在实际生产环境中,许多网站会部署各种反爬措施来保护其数据。作为负责任的数据采集者,我们需要了解这些机制,并在合理合法的范围内应对它们。

# anti_detection.py

import asyncio
import random
import hashlib
from typing import Dict, List, Any, Optional
from dataclasses import dataclass, field
from datetime import datetime
from dataclasses import dataclass

# =====================================
# 反爬机制与应对策略
# =====================================

@dataclass
class AntiDetectionConfig:
    """反检测配置"""
    # 浏览器指纹
    randomize_user_agent: bool = True
    randomize_viewport: bool = True
    randomize_timezone: bool = True

    # 行为模拟
    human_like_scrolling: bool = True
    random_mouse_movement: bool = True
    variable_delays: bool = True
    min_delay: float = 1.0
    max_delay: float = 3.0

    # 请求特征
    spoof_accept_encoding: bool = True
    remove_selenium_markers: bool = True
    use_real_headers: bool = True

    # IP 相关
    rotate_proxies: bool = True
    use_residential_proxies: bool = False

class UserAgentRotator:
    """User-Agent 轮换器"""

    USER_AGENTS = [
        # Chrome on Windows
        "Mozilla/5.0 (Windows NT 10.0; Win64; x64) AppleWebKit/537.36 "
        "(KHTML, like Gecko) Chrome/120.0.0.0 Safari/537.36",

        # Chrome on macOS
        "Mozilla/5.0 (Macintosh; Intel Mac OS X 10_15_7) AppleWebKit/537.36 "
        "(KHTML, like Gecko) Chrome/120.0.0.0 Safari/537.36",

        # Firefox on Windows
        "Mozilla/5.0 (Windows NT 10.0; Win64; x64; rv:121.0) Gecko/20100101 "
        "Firefox/121.0",

        # Firefox on Linux
        "Mozilla/5.0 (X11; Linux x86_64; rv:121.0) Gecko/20100101 Firefox/121.0",

        # Safari on macOS
        "Mozilla/5.0 (Macintosh; Intel Mac OS X 10_15_7) AppleWebKit/605.1.15 "
        "(KHTML, like Gecko) Version/17.2 Safari/605.1.15",

        # Safari on iOS
        "Mozilla/5.0 (iPhone; CPU iPhone OS 17_2 like Mac OS X) AppleWebKit/605.1.15 "
        "(KHTML, like Gecko) Version/17.2 Mobile/15E148 Safari/604.1",

        # Edge on Windows
        "Mozilla/5.0 (Windows NT 10.0; Win64; x64) AppleWebKit/537.36 "
        "(KHTML, like Gecko) Chrome/120.0.0.0 Safari/537.36 Edg/120.0.0.0",
    ]

    @classmethod
    def get_random(cls) -> str:
        """获取随机 User-Agent"""
        return random.choice(cls.USER_AGENTS)

    @classmethod
    def get_by_platform(cls, platform: str) -> str:
        """根据平台获取 User-Agent"""
        platform_map = {
            "windows": [ua for ua in cls.USER_AGENTS if "Windows" in ua],
            "macos": [ua for ua in cls.USER_AGENTS if "Mac OS" in ua],
            "linux": [ua for ua in cls.USER_AGENTS if "X11" in ua],
            "ios": [ua for ua in cls.USER_AGENTS if "iPhone" in ua],
            "android": [ua for ua in cls.USER_AGENTS if "Android" in ua],
        }
        candidates = platform_map.get(platform.lower(), cls.USER_AGENTS)
        return random.choice(candidates) if candidates else cls.get_random()

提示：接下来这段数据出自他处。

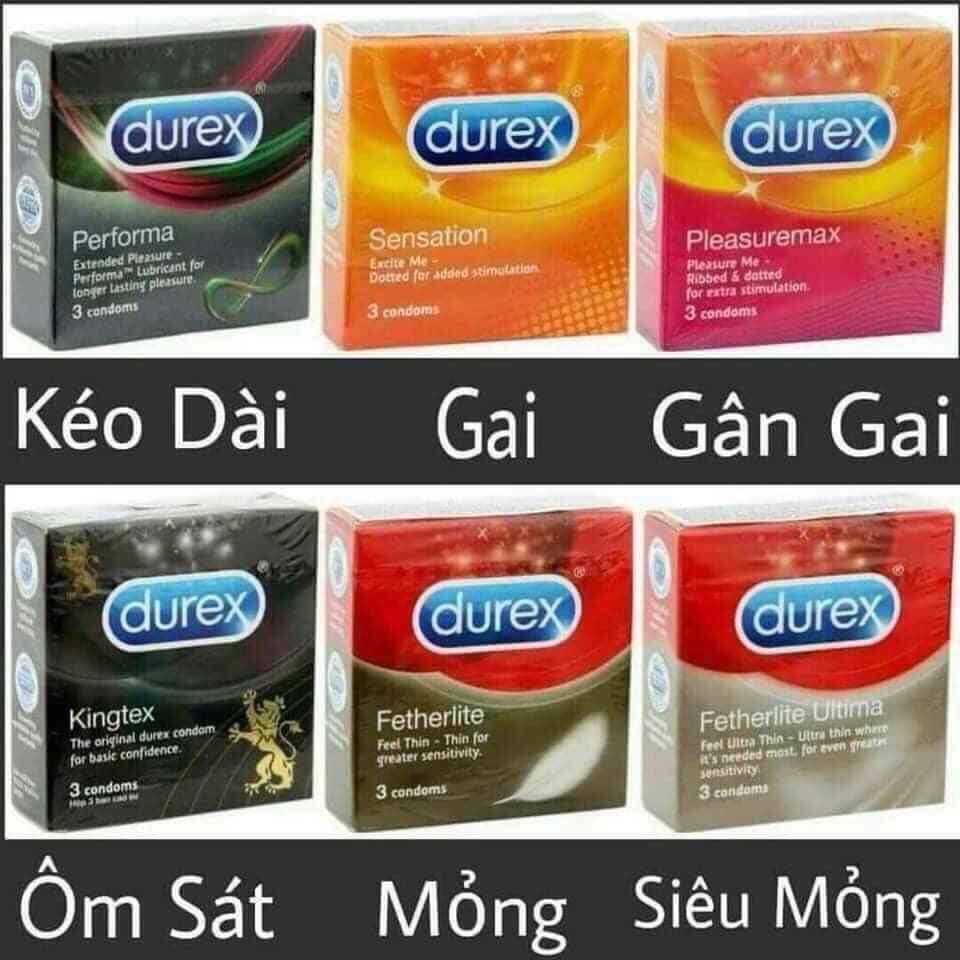 Bao cao su Durex (hộp 3 cái) đủ loại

class BrowserFingerprintGenerator:
    """浏览器指纹生成器"""

    @staticmethod
    def generate_viewport() -> Dict[str, int]:
        """生成随机视口大小"""
        viewports = [
            {"width": 1920, "height": 1080},
            {"width": 1366, "height": 768},
            {"width": 1536, "height": 864},
            {"width": 1440, "height": 900},
            {"width": 1280, "height": 800},
            {"width": 2560, "height": 1440},
        ]
        return random.choice(viewports)

    @staticmethod
    def generate_timezone() -> Dict[str, Any]:
        """生成随机时区配置"""
        timezones = [
            {"timezone": "Asia/Shanghai", "offset": "+08:00"},
            {"timezone": "America/New_York", "offset": "-05:00"},
            {"timezone": "Europe/London", "offset": "+00:00"},
            {"timezone": "Asia/Tokyo", "offset": "+09:00"},
            {"timezone": "Australia/Sydney", "offset": "+11:00"},
        ]
        return random.choice(timezones)

    @staticmethod
    def generate_webgl_vendor() -> Dict[str, str]:
        """生成 WebGL 供应商信息"""
        vendors = [
            {"vendor": "Intel Inc.", "renderer": "Intel Iris OpenGL Engine"},
            {"vendor": "NVIDIA Corporation", "renderer": "NVIDIA GeForce GTX 1060"},
            {"vendor": "AMD", "renderer": "AMD Radeon Pro 5500M"},
        ]
        return random.choice(vendors)

    @classmethod
    def generate_complete_fingerprint(cls) -> Dict[str, Any]:
        """生成完整指纹"""
        return {
            "user_agent": UserAgentRotator.get_random(),
            "viewport": cls.generate_viewport(),
            "timezone": cls.generate_timezone(),
            "webgl": cls.generate_webgl_vendor(),
            "languages": ["zh-CN", "zh", "en-US", "en"],
            "device_memory": random.choice([2, 4, 8, 16]),
            "hardware_concurrency": random.choice([2, 4, 8, 16]),
            "max_touch_points": random.choice([0, 1, 2, 5, 10]),
        }

class HumanBehaviorSimulator:
    """人类行为模拟器"""

    def __init__(self, config: AntiDetectionConfig):
        self.config = config
        self.last_action_time = datetime.now()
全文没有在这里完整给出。